The Euclidean Distance corresponds to the natural geometric interpretation of a vector space. For an underlying vector space of dimension n, the Euclidean distance is given by: [3]

\[d_{2}(\vec{x},\,\vec{y}) := \left(\sum_{i=1}^{n}|y_{i}-x_{i}|^{2}\right)^{1/2}\]

The Euclidean distance is induced by the Euclidean norm and specifies the Minkowski distance for the case \(p=2\). With respect to regression analysis the Euclidean distance endows the components of a random sample with a discrepancy measure, between observed an estimated realizations. This discrepancy measure is commonly referred as Residual sum of squares (RSS) and provides the foundation for the method of least squares. [4]

[3]https://en.wikipedia.org/wiki/Euclidean_distance
[4]https://en.wikipedia.org/wiki/Least_squares
Euclidean Norm

The Euclidean norm provides the fundamental length measure for natural geometric interpretations of vector spaces. For a vector space of dimension n, the Euclidean norm is given by: [5]

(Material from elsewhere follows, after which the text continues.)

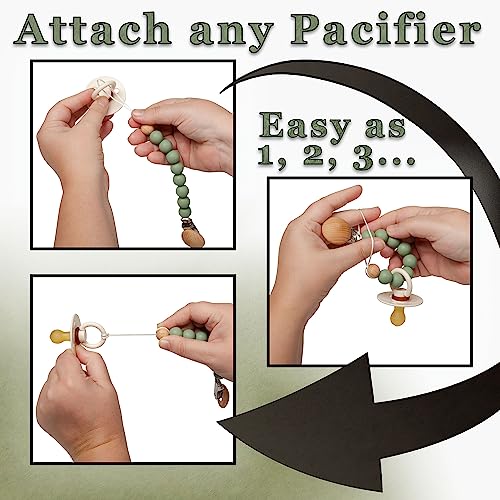 Image of Pacifier Clip Made with Silicone Beads and Secured with Wood Clip. 1 Piece Design. BPA-Free. Chewable. 9 inch Long. Keeps Pacifiers and teethers securely Fastened. (Navy)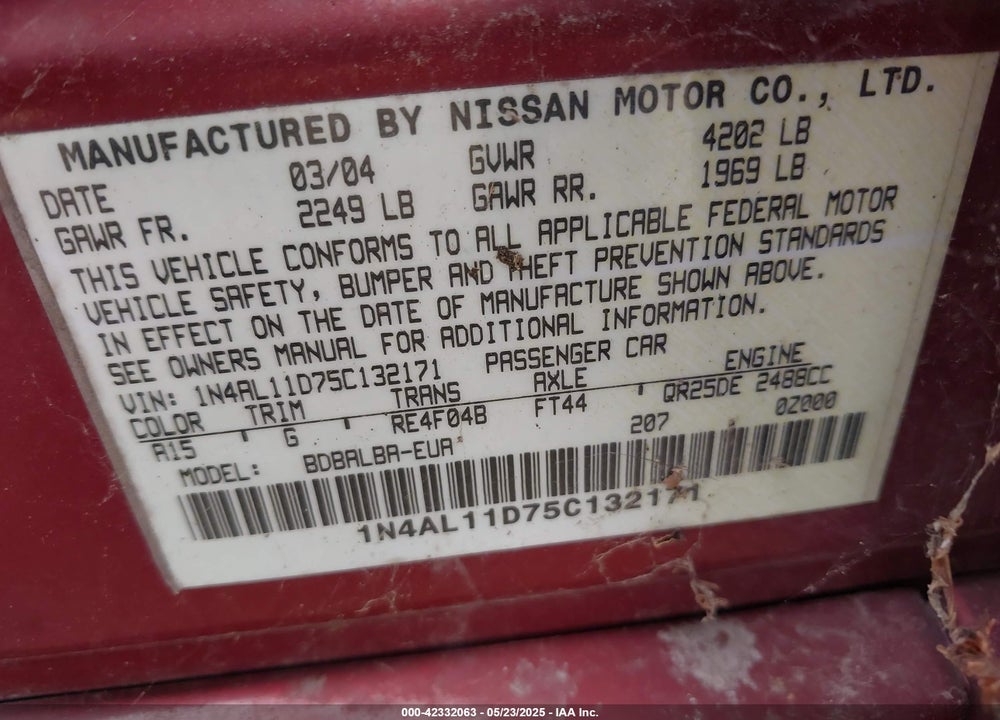 2005 NISSAN ALTIMA 2.5 S VIN: 1N4AL11D75C132171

\[\|\vec{x}\|_{2} := \left(\sum_{i=1}^{n}|x_{i}|^{2}\right)^{1/2}\]

The Euclidean norm equals the p-norm for \(p=2\) and induces a the Euclidean distance to it’s domain.

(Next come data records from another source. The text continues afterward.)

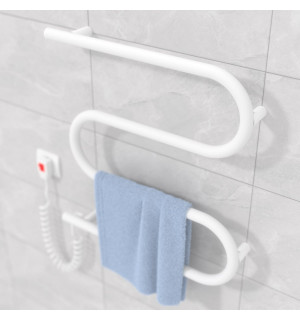 Электрический полотенцесушитель Laris Зебра Змеевик 25 ЧК3 500 х 500 Э подкл. слева фото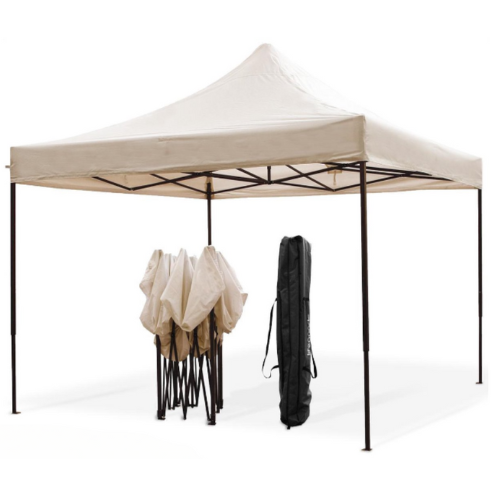 LifeGoods - Gartenzelt - Pavillon - 3x3 m - faltbar - beige Haus & Garten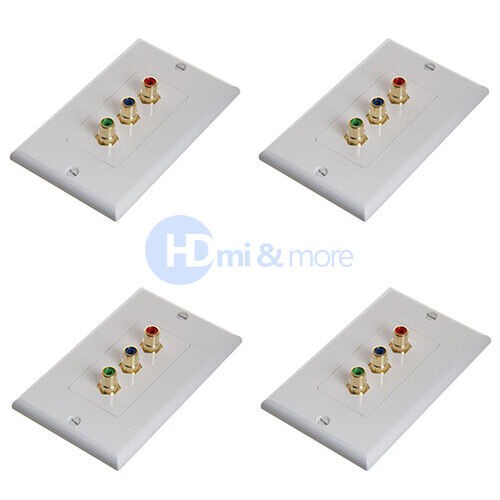 4x Component Video + Audio RGB 3 RCA AV Wall Face Plate Gold Plated White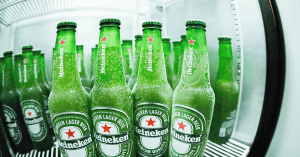 An image of cold Heineken in the fridge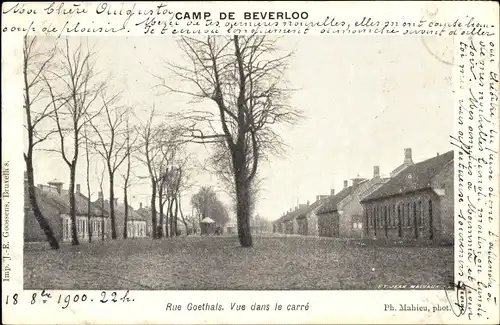 Ak Beverloo Beverlo Beringen Flandern Limburg, Rue Goethals, Blick auf den Platz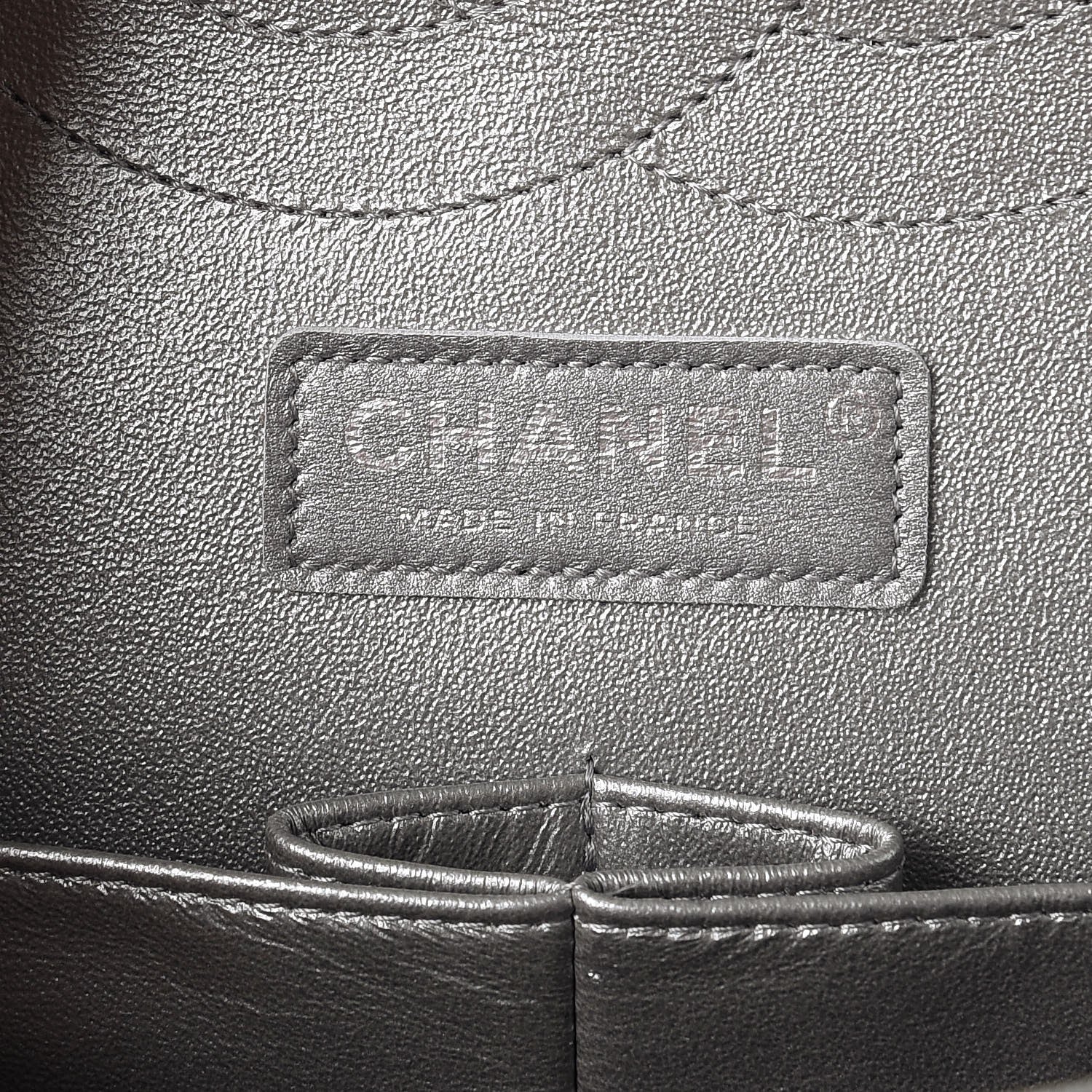 Chanel Metallic Lambskin Quilted Jumbo Double Flap Dark Grey 7 of 8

[5]https://en.wikipedia.org/wiki/Euclidean_norm
Frobenius Distance

The Frobenius Distance is a distance measure for matrices. For a vector space of dimension \(n \times m\), the Frobenius distance is defined by: [6]

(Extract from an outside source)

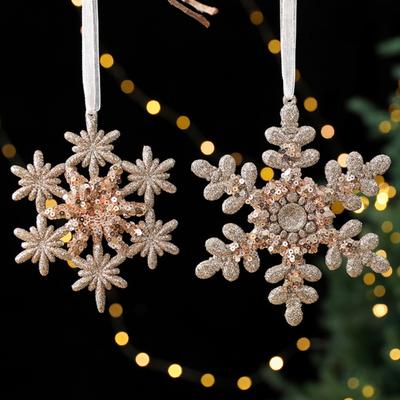 Glitter Sequins Christmas Ornament Champagne Ballerina Dancer/Snowflake/Butterfly Hanging Decoration for Xmas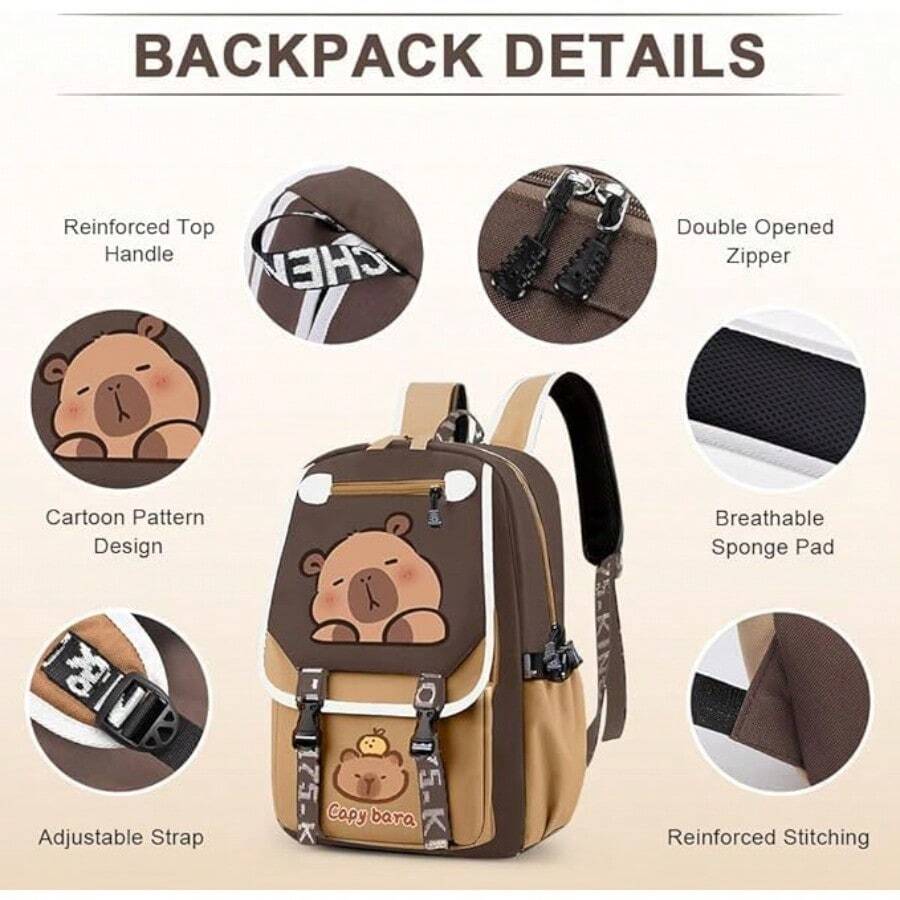 Mochila escolar impermeable de carpincho para niños, gran capacidad multifuncional con estuche para lápices, ideal para escuela y viajes - como en la foto - Ver 1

\[d_{F}(A,\,B) := {\left(\sum_{i=1}^{m}\sum_{j=1}^{n} |b_{ij} - a_{ij}|^{2}\right)}^{1/2}\]

The Frobenius distance is induced by the Frobenius norm and specifies the pq-distance for the case \(p=q=1\).

[6]https://en.wikipedia.org/wiki/Frobenius_norm
Frobenius Norm

The Frobenius norm is a matrix norm, which is derived by the consecutive evaluation of the Euclidean norm for the rows and columns of a matrix. For an underlying vector space of dimension \(n \times m\), the Frobenius norm is given by: [7]

\[\|A\|_{F} := {\left(\sum_{i=1}^{m}\sum_{j=1}^{n} |a_{ij}|^{2}\right)}^{1/2}\]

The Frobenius norm specifies the pq-norm for the case \(p=q=2\).

[7]https://en.wikipedia.org/wiki/Frobenius_norm
Hölder Mean

The Hölder means generalize the Arithmetic mean and the Geometric mean, in the same way as the p-norm generalizes the Euclidean norm and the 1-norm. For a positive real number p and a vector space of dimension n, the Hölder mean for absolute values is given by: [8]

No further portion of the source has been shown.